Michael Blowhard writes about Budd Schulberg's What Makes Sammy Run, which is one of the best Hollywood novels ever written. There really aren't that many great ones that hold up over time.

My faves include:
Larry McMurtry's All My Friends Are Going to Be Strangers, a semi-autobiographical young man's novel about leaving Texas for Hollywood after publishing his first novel, which he adapted for the movies. (It was Horseman Pass By, which became Hud. As a novelist and or/screenwriter, McMurtry has had a long and successful relationship with Hollywood, from Hud to Last Picture Show, Terms of Endearment, Lonesome Dove and other TV westerns, and now Brokeback Mountain, with Diana Ossana.)
The Player, by Michael Tolkin (as close to the bone as it comes)
Force Majeure, by Bruce Wagner--the original short story, not the novel. While all his (very funny) novels are set in Hollywood, of his cell phone trilogy (including I'm Losing You and Still Holding), the best is the Dickensian I'll Let You Go.
David Freeman's short story collection A Hollywood Education is also better than his novel, A Hollywood Life.
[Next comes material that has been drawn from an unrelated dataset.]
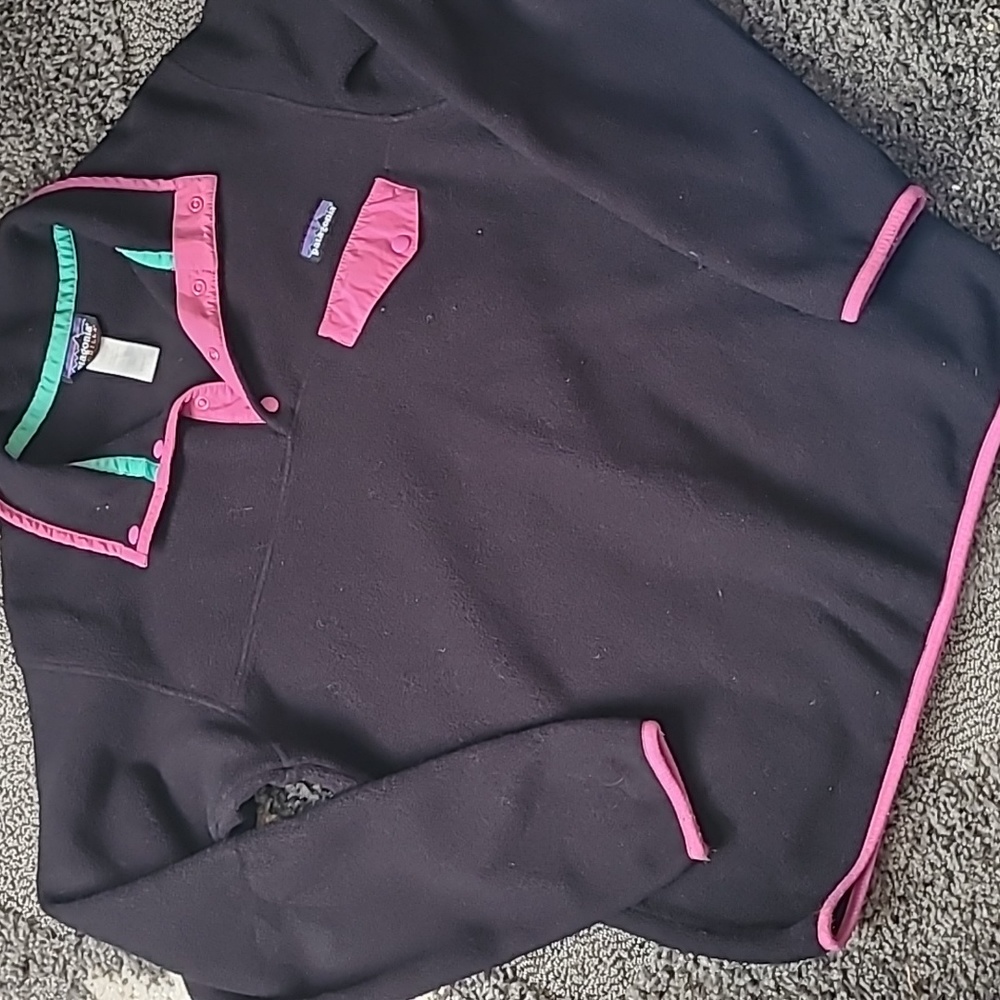 Patagonia large women's synchilla pullover snap black purple 💜 - Picture 4 of 9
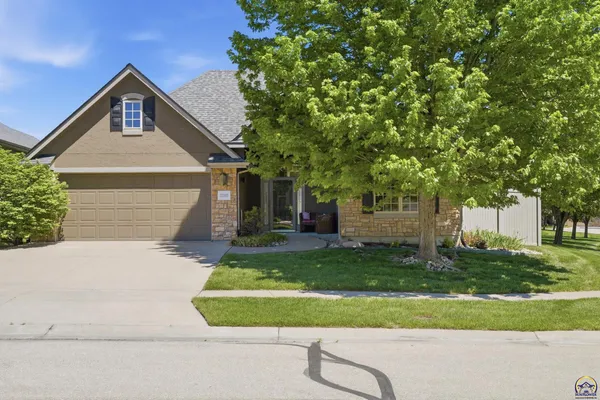 $467,777 | 2240 Southwest Millers Glen Drive, Topeka, KS 66614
And F. Scott Fitzgerald's Pat Hobby stories are better than The Last Tycoon.
Nathanael West's The Day of the Locust holds up.
Set in the early days of Hollywood is Queer People by Carroll and Gerritt Graham.
Play it as It Lays by Joan Didion.
The Deal: A Novel of Hollywood, by Peter Lefcourt. Hilarious.
White Hunter, Black Heart by Peter Viertel, a thinly disguised tale of the making of The African Queen, which was made into a movie by director Clint Eastwood, who played the role of John Huston.

I'm sure I've left off some of my favorites. Remind me.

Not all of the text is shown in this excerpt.